As required by law, Newmont conducted a new EIA for the region. The report was approved by MINEM in October 2010 and initial construction started (for important dates throughout the conflict see figure 3 and for a detailed timeline see ANNEX I). The local population worried about water scarcity and water pollution. A significant part of surrounding communities depend on water for irrigation and livestock. At first, a revision of the EIA was demanded but this soon escalated; Cajamarca´s regional government and various NGOs from all levels soon joined the opposition. Gregorio Santos led large strikes opposing the mining project (Triscritti, 2013; De Echave & Diez, 2013).

The central government did not reach a consensus as MINAM´s reviews of the EIA were dismissed by MINEM. In a public declaration in Cajamarca the president assured that the project would not resume. He then announced that Conga would continue on 16th November 2011. At this point, social unrest turned violent and Newmont had no other option but to announce publicly a temporary halt to its expansion project that same month (De Echave & Diez, 2013; Triscritti, 2013).

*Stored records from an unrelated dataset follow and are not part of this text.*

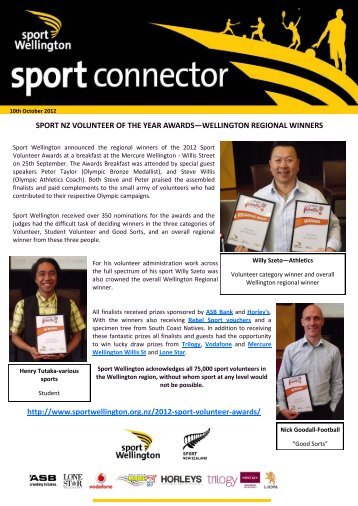 Sport Connector 10th October - Sport Wellington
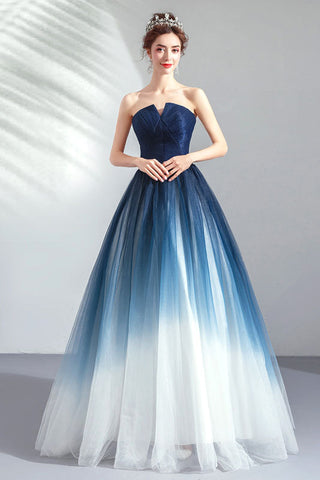 Strapless Ombre A Line Tulle Prom Dress Long Formal Dress OKQ74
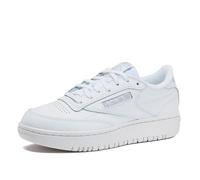Reebok Women's Club C Double Sneaker, Core White/Light Grey Logo, 10.5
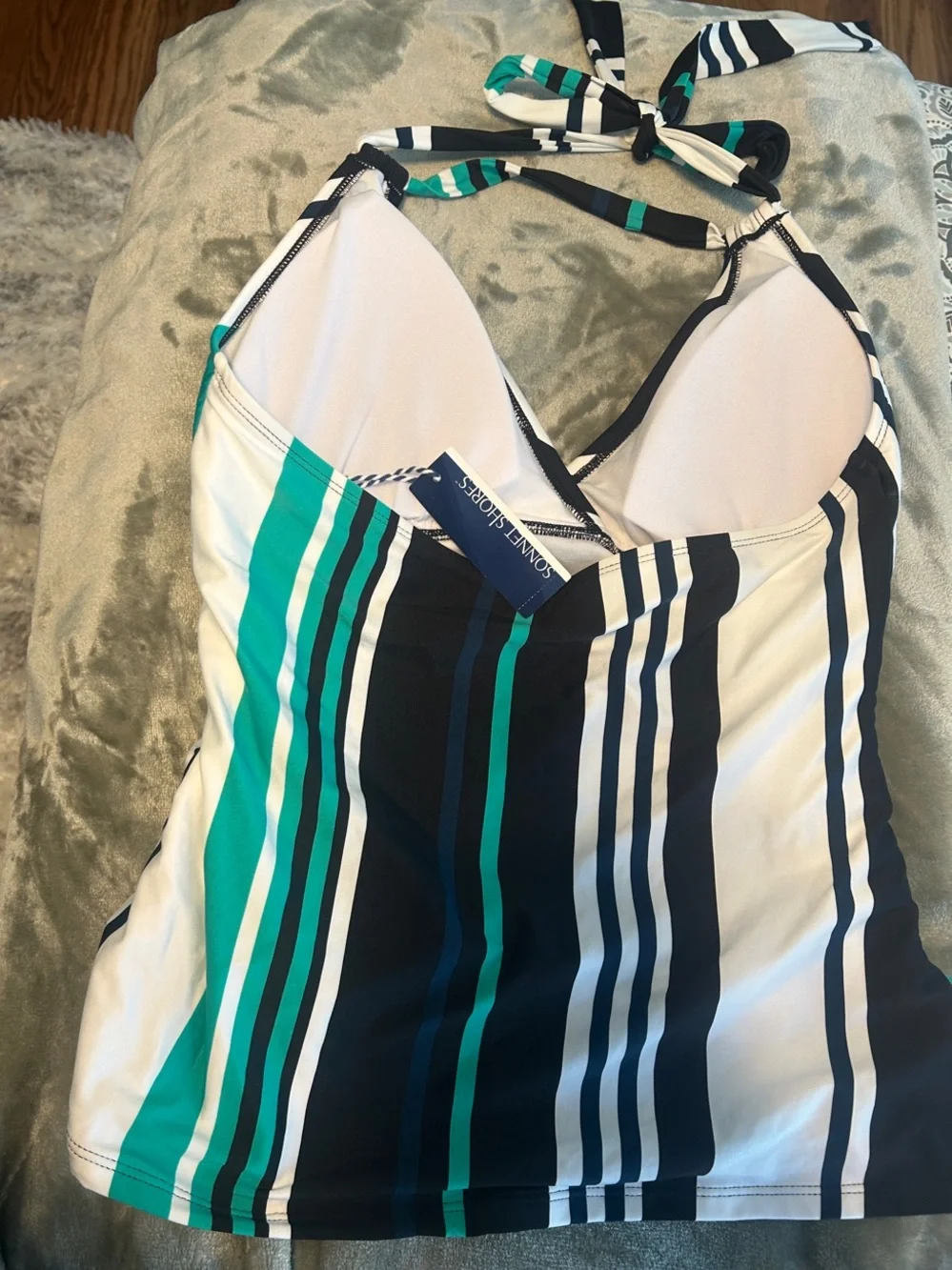 Striped Black, White & Green Halter Swim Top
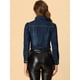 thumbnail image 5 of Chaqueta de mezclilla Allegra K con botones y manga larga de algodón Azul negro S, 5 of 6
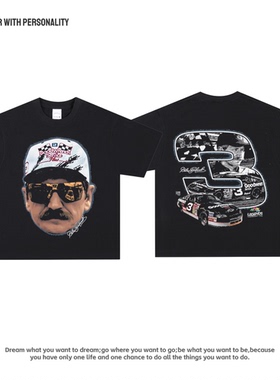 厄恩哈特赛车美式印花T恤纯棉透气重磅高街复古小领口宽松长短袖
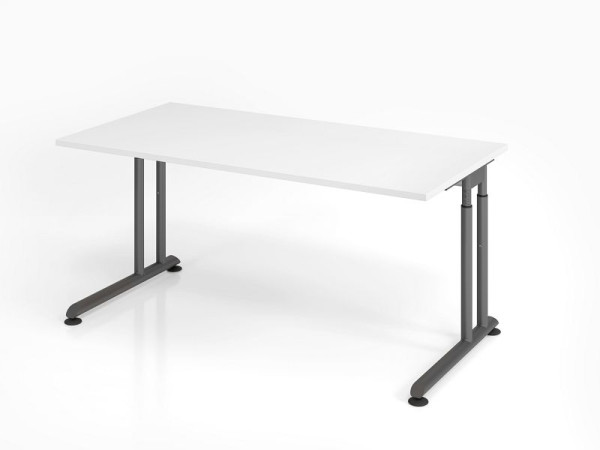 Hammerbacher bureau ZS16, 160 x 80 cm, blad: wit, 25 mm dik, ABS dikke rand, rechthoekige vorm, grafiet, VZS16/W/G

For many, the month of November 2011 marks the beginning of intense conflict.

After the declaration of a state of emergency and the resignation of the prime minister (PM), an attempt to reach a solution came to the table. Three international specialists were appointed to assess Conga´s EIA. At that point negotiations would have been the most appropriate step however, Gregorio Santos did not take part in the effort. The experts deemed the Conga project viable, which brought additional protests. Violent clashes disrupted the region of Cajamarca. Confronted with a conflict escalation that brought five deaths, Humala declared a sixty-day state of emergency in July 2012. This time, Newmont announced that its project would be put on hold until 2014 (De Echave & Diez, 2013; Triscritti, 2013).

In a letter from December 2012, the mining company declared that they recognized their failures and understood the need to regain the trust of the people in Cajamarca (Newmont, 2014). This led to a perception study commissioned by Yanacocha. The opinions of surrounding communities are the best way to test whether the mine has indeed transformed those words into action. That is why four groups of stakeholders were asked about their perceptions of CSR change after the conflict.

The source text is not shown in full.